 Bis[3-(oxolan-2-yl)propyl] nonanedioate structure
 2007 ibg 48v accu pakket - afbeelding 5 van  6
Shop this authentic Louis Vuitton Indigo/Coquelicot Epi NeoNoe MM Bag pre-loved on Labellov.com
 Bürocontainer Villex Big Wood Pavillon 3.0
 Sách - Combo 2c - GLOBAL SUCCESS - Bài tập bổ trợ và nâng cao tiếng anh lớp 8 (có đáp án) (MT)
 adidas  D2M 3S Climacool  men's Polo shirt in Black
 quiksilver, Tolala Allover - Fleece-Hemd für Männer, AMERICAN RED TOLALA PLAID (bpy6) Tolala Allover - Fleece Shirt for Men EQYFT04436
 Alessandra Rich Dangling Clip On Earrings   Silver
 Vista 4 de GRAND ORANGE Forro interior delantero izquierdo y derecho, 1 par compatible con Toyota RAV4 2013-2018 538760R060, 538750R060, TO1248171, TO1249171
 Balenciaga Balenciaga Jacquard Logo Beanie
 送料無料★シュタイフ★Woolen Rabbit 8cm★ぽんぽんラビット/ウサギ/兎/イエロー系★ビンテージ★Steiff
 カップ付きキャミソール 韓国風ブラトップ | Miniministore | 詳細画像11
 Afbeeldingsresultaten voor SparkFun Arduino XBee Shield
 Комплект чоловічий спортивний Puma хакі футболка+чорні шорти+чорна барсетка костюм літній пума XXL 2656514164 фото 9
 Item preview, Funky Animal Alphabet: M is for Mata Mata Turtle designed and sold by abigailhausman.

▶ **Problem requirements**: The lines from the one containing "quiksilver, Tolala Allover" through the last line of the records are to be transcribed exactly, with nothing else added.

▶ **Problem solution**:
 quiksilver, Tolala Allover - Fleece-Hemd für Männer, AMERICAN RED TOLALA PLAID (bpy6) Tolala Allover - Fleece Shirt for Men EQYFT04436
 Alessandra Rich Dangling Clip On Earrings   Silver
 Vista 4 de GRAND ORANGE Forro interior delantero izquierdo y derecho, 1 par compatible con Toyota RAV4 2013-2018 538760R060, 538750R060, TO1248171, TO1249171
 Balenciaga Balenciaga Jacquard Logo Beanie
 送料無料★シュタイフ★Woolen Rabbit 8cm★ぽんぽんラビット/ウサギ/兎/イエロー系★ビンテージ★Steiff
 カップ付きキャミソール 韓国風ブラトップ | Miniministore | 詳細画像11
 Afbeeldingsresultaten voor SparkFun Arduino XBee Shield
 Комплект чоловічий спортивний Puma хакі футболка+чорні шорти+чорна барсетка костюм літній пума XXL 2656514164 фото 9
 Item preview, Funky Animal Alphabet: M is for Mata Mata Turtle designed and sold by abigailhausman.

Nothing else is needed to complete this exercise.